In this afternoon’s steep-off chez sherapop, two organic filter bag green teas wrapped in open-air paper envelopes are going sniff to sniff and sip to sip against one another. The first up is Touch Organic Green Tea. Vying to rule the category “organic filter bag green tea wrapped in open-air paper envelope” is Choice Premium Japanese Green (also organic). The Touch hails from China, but is a similar style of tea.
My first observation is that the Touch Organic Green is more golden and less cloudy than the Choice. This led me immediately to predict that the Choice would be more flavorful, being both more cloudy and more green. This is true. The Choice also tastes and smells more like sencha than does the Touch Organic Green.

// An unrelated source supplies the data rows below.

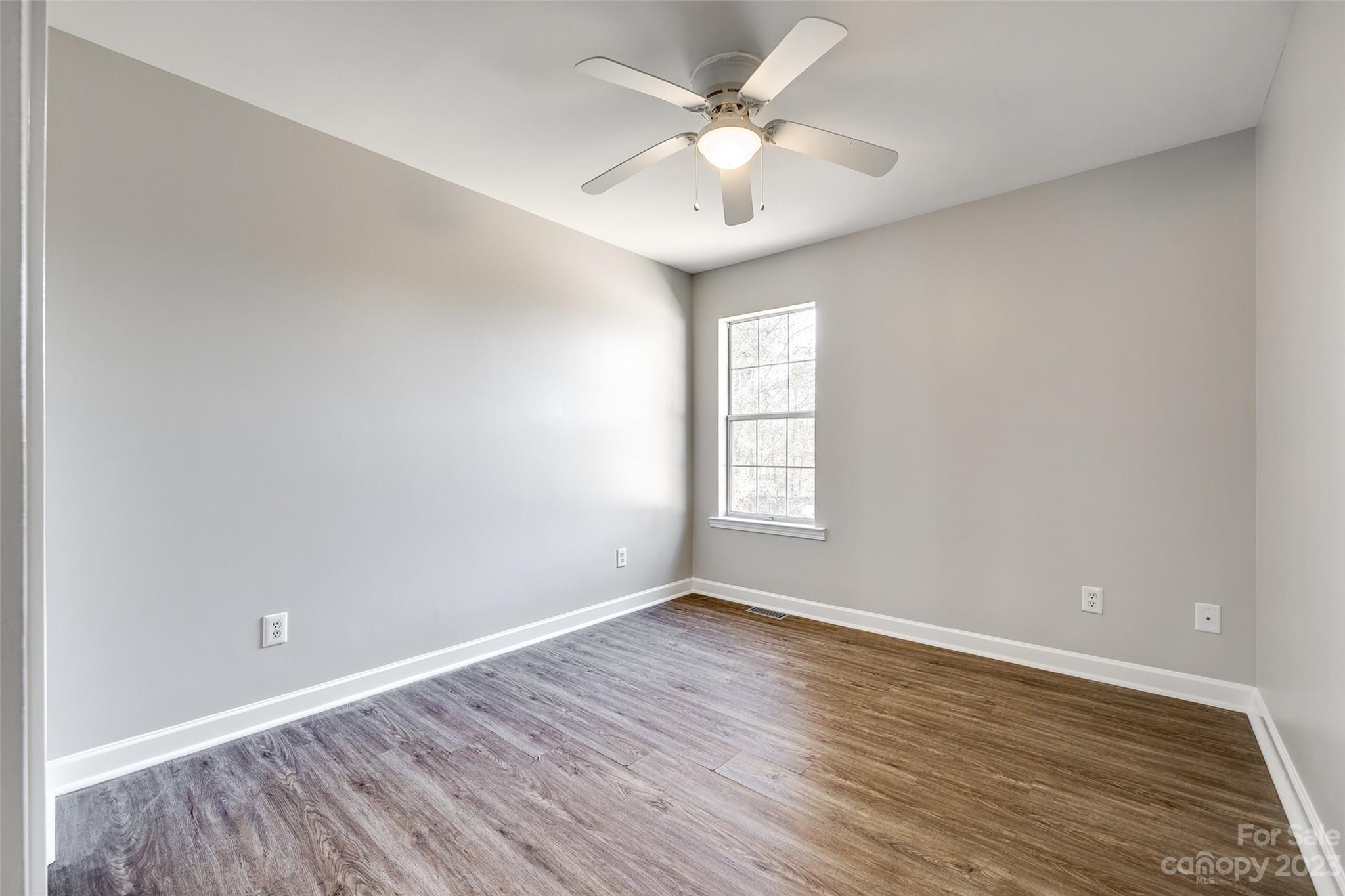 149 Airport Road Monroe, NC 28110 - Photo 24 of 41 wooden floor in an empty room with a window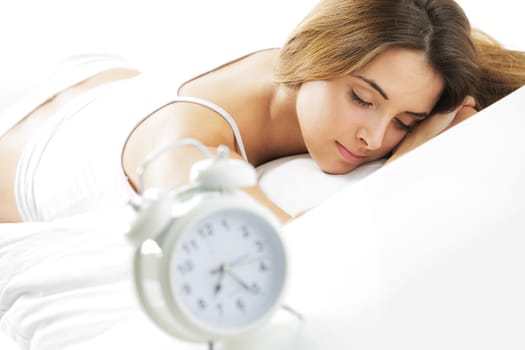 A young lady sleeping on the background with a clock on the foreground.
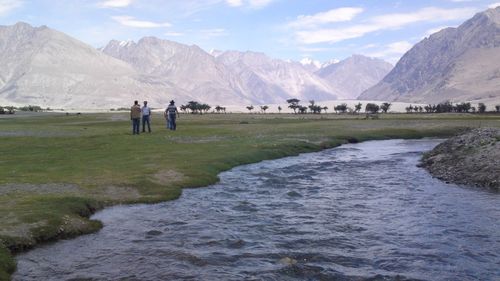 Scenic view of landscape and mountains against sky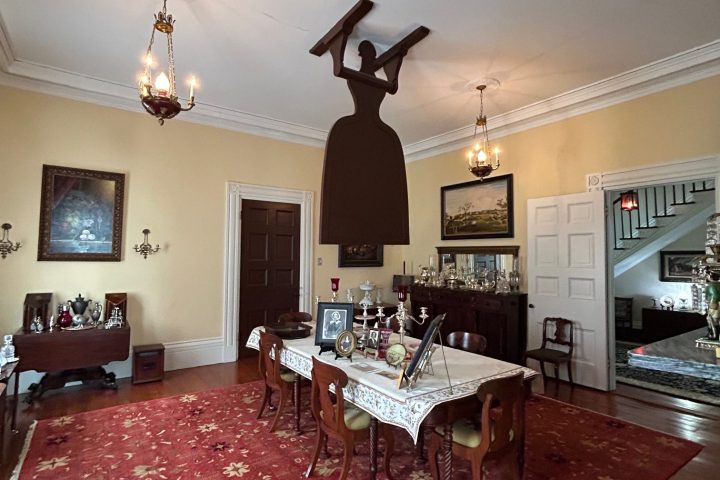 Dining room with large red patterned rug and furniture, silhouette of woman holding a plank on ceiling.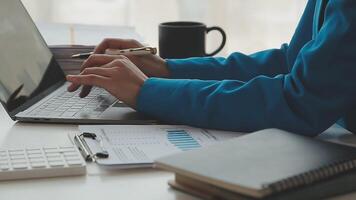 Business woman using calculator for do math finance on wooden desk in office and business working background, tax, accounting, statistics and analytic research concept video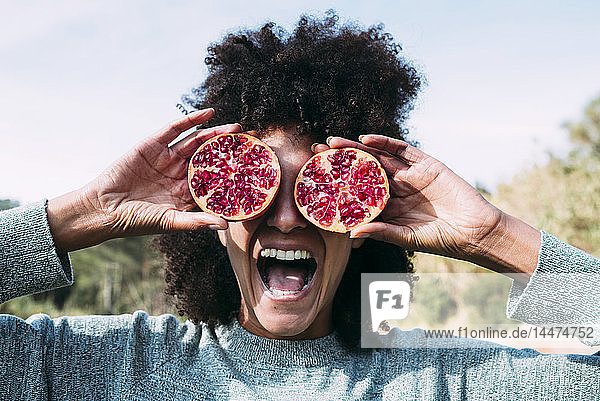 Woman standing in the countryside  covering eyes with halved pomegranates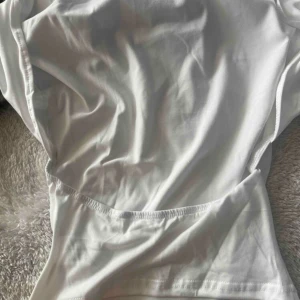 Vit croppad topp med tight passform - Säljer en stilren vit croppad topp med korta ärmar och tight passform. Toppen är tillverkad i ett mjukt och stretchigt material som sitter snyggt mot kroppen. Perfekt till jeans eller kjol för en fräsch look.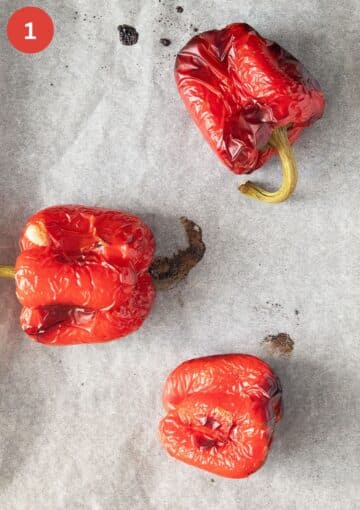 three roasted red bell peppers on white parchment paper.
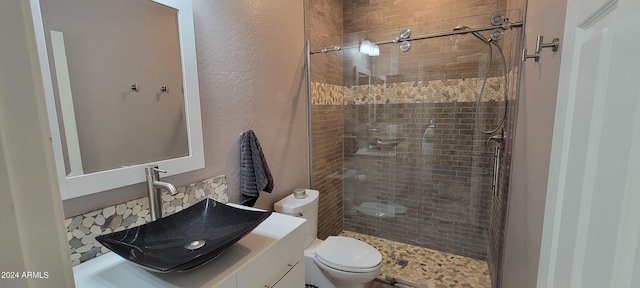 bathroom with toilet, an enclosed shower, and vanity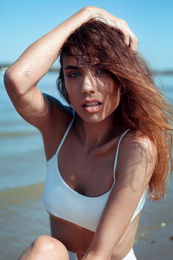 Confident woman walking along a promenade in a casual outfit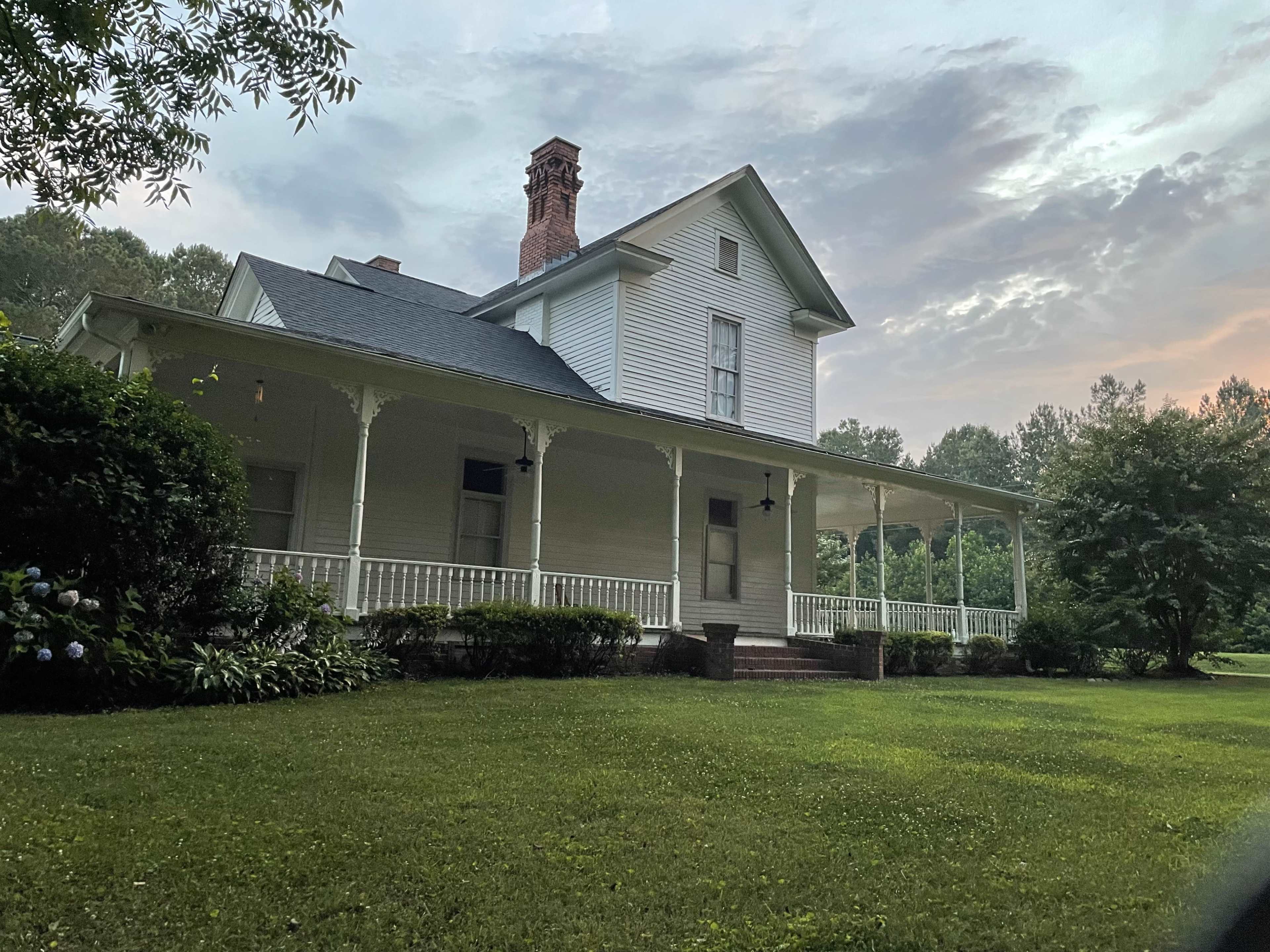 A white two-story house with a front porch and a chimney is set in a grassy area surrounded by trees.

Neither of these teas claims on the packaging to be sencha, so I don’t want to go overboard here. I hasten to add, however, that calling a tea “Premium Japanese Green” naturally suggests as much, since most of the tea produced and consumed in japan is indeed sencha.
I now suspect that the Touch may be a Chinese bancha or a blend of Chinese bancha and Chinese sencha. It’s also possible that the Choice is a blend of Japanese sencha and bancha. Why else would they not take credit for being pure sencha, if that is what it is?
In any case, I find the flavor of the Choice to be richer than the Touch. The Touch is still highly potable and the price is ridiculously low for a decent organic green tea. Is it worth it to pay the same price for only one-third the number of bags in order to taste the marginally better Choice, which however costs more per bag than Harney & Sons Japanese Sencha and yet is not nearly so good?
In this sort of cost-benefit analysis—which I generally eschew, but seeing as today’s steep-off is between grocery store teas, it seems not inappropriate—I end up coming to the conclusion that, despite its slightly inferior taste, Touch is a much better deal, all things considered, than the Choice! If I’m going to pay the price for Choice filter bags, why not just go Harney instead?